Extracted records
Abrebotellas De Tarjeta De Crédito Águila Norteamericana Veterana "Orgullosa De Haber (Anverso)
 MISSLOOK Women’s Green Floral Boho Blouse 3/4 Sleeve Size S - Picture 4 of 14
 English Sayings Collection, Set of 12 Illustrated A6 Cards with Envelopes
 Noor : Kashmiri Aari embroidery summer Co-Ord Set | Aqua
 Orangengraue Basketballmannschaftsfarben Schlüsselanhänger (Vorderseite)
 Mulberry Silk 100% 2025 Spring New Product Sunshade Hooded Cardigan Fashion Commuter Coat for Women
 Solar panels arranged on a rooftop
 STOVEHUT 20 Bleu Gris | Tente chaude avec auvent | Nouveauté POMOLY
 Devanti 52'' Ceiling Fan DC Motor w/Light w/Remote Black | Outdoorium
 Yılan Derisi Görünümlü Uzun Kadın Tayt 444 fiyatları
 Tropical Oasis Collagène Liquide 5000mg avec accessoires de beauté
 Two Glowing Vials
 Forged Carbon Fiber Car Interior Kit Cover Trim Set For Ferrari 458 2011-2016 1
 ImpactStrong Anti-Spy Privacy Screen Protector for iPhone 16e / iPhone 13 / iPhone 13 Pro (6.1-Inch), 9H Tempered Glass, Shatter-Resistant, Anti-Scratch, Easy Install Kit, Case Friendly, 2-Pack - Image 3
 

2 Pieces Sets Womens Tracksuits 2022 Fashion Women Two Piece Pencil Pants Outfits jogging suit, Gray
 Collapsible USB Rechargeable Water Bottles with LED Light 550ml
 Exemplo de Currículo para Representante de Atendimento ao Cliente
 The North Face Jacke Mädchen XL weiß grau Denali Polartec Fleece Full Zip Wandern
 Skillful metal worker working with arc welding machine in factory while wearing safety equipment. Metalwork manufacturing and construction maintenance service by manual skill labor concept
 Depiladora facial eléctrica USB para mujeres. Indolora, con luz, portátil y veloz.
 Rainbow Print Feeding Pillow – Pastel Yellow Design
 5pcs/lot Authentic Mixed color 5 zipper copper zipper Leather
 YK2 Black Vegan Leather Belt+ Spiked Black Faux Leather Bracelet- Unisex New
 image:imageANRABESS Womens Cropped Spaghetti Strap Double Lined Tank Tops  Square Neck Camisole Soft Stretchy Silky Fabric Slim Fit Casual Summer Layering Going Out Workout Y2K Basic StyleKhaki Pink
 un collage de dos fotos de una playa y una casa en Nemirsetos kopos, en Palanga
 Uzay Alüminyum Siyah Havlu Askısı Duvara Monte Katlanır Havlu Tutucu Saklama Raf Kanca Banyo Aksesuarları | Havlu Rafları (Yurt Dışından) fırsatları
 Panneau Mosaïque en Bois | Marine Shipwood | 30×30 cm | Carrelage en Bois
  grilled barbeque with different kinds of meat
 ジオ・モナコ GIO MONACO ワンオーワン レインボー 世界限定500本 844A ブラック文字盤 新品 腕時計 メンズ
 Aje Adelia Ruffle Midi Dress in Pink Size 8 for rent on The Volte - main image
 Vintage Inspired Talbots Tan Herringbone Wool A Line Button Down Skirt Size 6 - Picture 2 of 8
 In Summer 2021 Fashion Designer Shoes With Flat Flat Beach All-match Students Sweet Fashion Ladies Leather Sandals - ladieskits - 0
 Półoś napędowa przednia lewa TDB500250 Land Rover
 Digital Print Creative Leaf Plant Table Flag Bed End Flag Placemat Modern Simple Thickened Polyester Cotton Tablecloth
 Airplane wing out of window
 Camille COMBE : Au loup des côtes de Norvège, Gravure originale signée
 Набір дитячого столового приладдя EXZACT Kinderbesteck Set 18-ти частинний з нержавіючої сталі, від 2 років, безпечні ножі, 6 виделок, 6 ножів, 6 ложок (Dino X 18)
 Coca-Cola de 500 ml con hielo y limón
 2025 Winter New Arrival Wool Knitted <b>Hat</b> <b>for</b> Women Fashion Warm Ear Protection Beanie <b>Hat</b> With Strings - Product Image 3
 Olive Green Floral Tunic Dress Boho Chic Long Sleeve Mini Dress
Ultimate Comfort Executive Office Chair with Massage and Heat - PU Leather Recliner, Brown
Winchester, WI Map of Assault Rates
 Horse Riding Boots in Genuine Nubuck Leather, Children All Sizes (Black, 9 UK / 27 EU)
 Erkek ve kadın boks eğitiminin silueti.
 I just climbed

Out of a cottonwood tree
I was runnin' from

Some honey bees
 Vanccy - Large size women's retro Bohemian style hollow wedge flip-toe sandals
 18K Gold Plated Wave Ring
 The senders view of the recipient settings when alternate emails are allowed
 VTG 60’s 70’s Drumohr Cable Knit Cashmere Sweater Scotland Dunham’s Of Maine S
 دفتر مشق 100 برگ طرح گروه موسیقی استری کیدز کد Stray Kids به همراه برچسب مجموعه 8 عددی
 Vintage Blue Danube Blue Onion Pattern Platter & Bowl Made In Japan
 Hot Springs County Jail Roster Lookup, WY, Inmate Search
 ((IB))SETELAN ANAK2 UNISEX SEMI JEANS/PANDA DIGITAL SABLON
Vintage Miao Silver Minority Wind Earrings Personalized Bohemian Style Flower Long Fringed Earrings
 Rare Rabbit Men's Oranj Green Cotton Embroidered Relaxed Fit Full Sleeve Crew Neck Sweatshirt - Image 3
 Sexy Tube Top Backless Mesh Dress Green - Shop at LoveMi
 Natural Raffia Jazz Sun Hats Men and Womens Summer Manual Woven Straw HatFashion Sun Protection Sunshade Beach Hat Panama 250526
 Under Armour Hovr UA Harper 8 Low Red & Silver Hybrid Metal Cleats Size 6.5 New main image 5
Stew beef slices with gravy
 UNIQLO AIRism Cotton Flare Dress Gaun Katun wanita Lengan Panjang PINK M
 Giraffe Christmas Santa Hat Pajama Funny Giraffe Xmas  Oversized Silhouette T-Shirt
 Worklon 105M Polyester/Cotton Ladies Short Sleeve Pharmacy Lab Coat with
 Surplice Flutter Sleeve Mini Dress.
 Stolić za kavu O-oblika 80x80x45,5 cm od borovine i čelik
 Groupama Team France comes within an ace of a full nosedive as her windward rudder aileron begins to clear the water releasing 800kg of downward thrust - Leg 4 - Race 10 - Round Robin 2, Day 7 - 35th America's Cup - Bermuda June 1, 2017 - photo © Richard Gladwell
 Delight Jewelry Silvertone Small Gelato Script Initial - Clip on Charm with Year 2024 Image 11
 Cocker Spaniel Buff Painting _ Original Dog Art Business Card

GOAL OF THE EXERCISE:
Return every record, leaving each line exactly as it was given.

WRITTEN ANSWER:
Abrebotellas De Tarjeta De Crédito Águila Norteamericana Veterana "Orgullosa De Haber (Anverso)
 MISSLOOK Women’s Green Floral Boho Blouse 3/4 Sleeve Size S - Picture 4 of 14
 English Sayings Collection, Set of 12 Illustrated A6 Cards with Envelopes
 Noor : Kashmiri Aari embroidery summer Co-Ord Set | Aqua
 Orangengraue Basketballmannschaftsfarben Schlüsselanhänger (Vorderseite)
 Mulberry Silk 100% 2025 Spring New Product Sunshade Hooded Cardigan Fashion Commuter Coat for Women
 Solar panels arranged on a rooftop
 STOVEHUT 20 Bleu Gris | Tente chaude avec auvent | Nouveauté POMOLY
 Devanti 52'' Ceiling Fan DC Motor w/Light w/Remote Black | Outdoorium
 Yılan Derisi Görünümlü Uzun Kadın Tayt 444 fiyatları
 Tropical Oasis Collagène Liquide 5000mg avec accessoires de beauté
 Two Glowing Vials
 Forged Carbon Fiber Car Interior Kit Cover Trim Set For Ferrari 458 2011-2016 1
 ImpactStrong Anti-Spy Privacy Screen Protector for iPhone 16e / iPhone 13 / iPhone 13 Pro (6.1-Inch), 9H Tempered Glass, Shatter-Resistant, Anti-Scratch, Easy Install Kit, Case Friendly, 2-Pack - Image 3
 

2 Pieces Sets Womens Tracksuits 2022 Fashion Women Two Piece Pencil Pants Outfits jogging suit, Gray
 Collapsible USB Rechargeable Water Bottles with LED Light 550ml
 Exemplo de Currículo para Representante de Atendimento ao Cliente
 The North Face Jacke Mädchen XL weiß grau Denali Polartec Fleece Full Zip Wandern
 Skillful metal worker working with arc welding machine in factory while wearing safety equipment. Metalwork manufacturing and construction maintenance service by manual skill labor concept
 Depiladora facial eléctrica USB para mujeres. Indolora, con luz, portátil y veloz.
 Rainbow Print Feeding Pillow – Pastel Yellow Design
 5pcs/lot Authentic Mixed color 5 zipper copper zipper Leather
 YK2 Black Vegan Leather Belt+ Spiked Black Faux Leather Bracelet- Unisex New
 image:imageANRABESS Womens Cropped Spaghetti Strap Double Lined Tank Tops  Square Neck Camisole Soft Stretchy Silky Fabric Slim Fit Casual Summer Layering Going Out Workout Y2K Basic StyleKhaki Pink
 un collage de dos fotos de una playa y una casa en Nemirsetos kopos, en Palanga
 Uzay Alüminyum Siyah Havlu Askısı Duvara Monte Katlanır Havlu Tutucu Saklama Raf Kanca Banyo Aksesuarları | Havlu Rafları (Yurt Dışından) fırsatları
 Panneau Mosaïque en Bois | Marine Shipwood | 30×30 cm | Carrelage en Bois
  grilled barbeque with different kinds of meat
 ジオ・モナコ GIO MONACO ワンオーワン レインボー 世界限定500本 844A ブラック文字盤 新品 腕時計 メンズ
 Aje Adelia Ruffle Midi Dress in Pink Size 8 for rent on The Volte - main image
 Vintage Inspired Talbots Tan Herringbone Wool A Line Button Down Skirt Size 6 - Picture 2 of 8
 In Summer 2021 Fashion Designer Shoes With Flat Flat Beach All-match Students Sweet Fashion Ladies Leather Sandals - ladieskits - 0
 Półoś napędowa przednia lewa TDB500250 Land Rover
 Digital Print Creative Leaf Plant Table Flag Bed End Flag Placemat Modern Simple Thickened Polyester Cotton Tablecloth
 Airplane wing out of window
 Camille COMBE : Au loup des côtes de Norvège, Gravure originale signée
 Набір дитячого столового приладдя EXZACT Kinderbesteck Set 18-ти частинний з нержавіючої сталі, від 2 років, безпечні ножі, 6 виделок, 6 ножів, 6 ложок (Dino X 18)
 Coca-Cola de 500 ml con hielo y limón
 2025 Winter New Arrival Wool Knitted <b>Hat</b> <b>for</b> Women Fashion Warm Ear Protection Beanie <b>Hat</b> With Strings - Product Image 3
 Olive Green Floral Tunic Dress Boho Chic Long Sleeve Mini Dress
Ultimate Comfort Executive Office Chair with Massage and Heat - PU Leather Recliner, Brown
Winchester, WI Map of Assault Rates
 Horse Riding Boots in Genuine Nubuck Leather, Children All Sizes (Black, 9 UK / 27 EU)
 Erkek ve kadın boks eğitiminin silueti.
 I just climbed

Out of a cottonwood tree
I was runnin' from

Some honey bees
 Vanccy - Large size women's retro Bohemian style hollow wedge flip-toe sandals
 18K Gold Plated Wave Ring
 The senders view of the recipient settings when alternate emails are allowed
 VTG 60’s 70’s Drumohr Cable Knit Cashmere Sweater Scotland Dunham’s Of Maine S
 دفتر مشق 100 برگ طرح گروه موسیقی استری کیدز کد Stray Kids به همراه برچسب مجموعه 8 عددی
 Vintage Blue Danube Blue Onion Pattern Platter & Bowl Made In Japan
 Hot Springs County Jail Roster Lookup, WY, Inmate Search
 ((IB))SETELAN ANAK2 UNISEX SEMI JEANS/PANDA DIGITAL SABLON
Vintage Miao Silver Minority Wind Earrings Personalized Bohemian Style Flower Long Fringed Earrings
 Rare Rabbit Men's Oranj Green Cotton Embroidered Relaxed Fit Full Sleeve Crew Neck Sweatshirt - Image 3
 Sexy Tube Top Backless Mesh Dress Green - Shop at LoveMi
 Natural Raffia Jazz Sun Hats Men and Womens Summer Manual Woven Straw HatFashion Sun Protection Sunshade Beach Hat Panama 250526
 Under Armour Hovr UA Harper 8 Low Red & Silver Hybrid Metal Cleats Size 6.5 New main image 5
Stew beef slices with gravy
 UNIQLO AIRism Cotton Flare Dress Gaun Katun wanita Lengan Panjang PINK M
 Giraffe Christmas Santa Hat Pajama Funny Giraffe Xmas  Oversized Silhouette T-Shirt
 Worklon 105M Polyester/Cotton Ladies Short Sleeve Pharmacy Lab Coat with
 Surplice Flutter Sleeve Mini Dress.
 Stolić za kavu O-oblika 80x80x45,5 cm od borovine i čelik
 Groupama Team France comes within an ace of a full nosedive as her windward rudder aileron begins to clear the water releasing 800kg of downward thrust - Leg 4 - Race 10 - Round Robin 2, Day 7 - 35th America's Cup - Bermuda June 1, 2017 - photo © Richard Gladwell
 Delight Jewelry Silvertone Small Gelato Script Initial - Clip on Charm with Year 2024 Image 11
 Cocker Spaniel Buff Painting _ Original Dog Art Business Card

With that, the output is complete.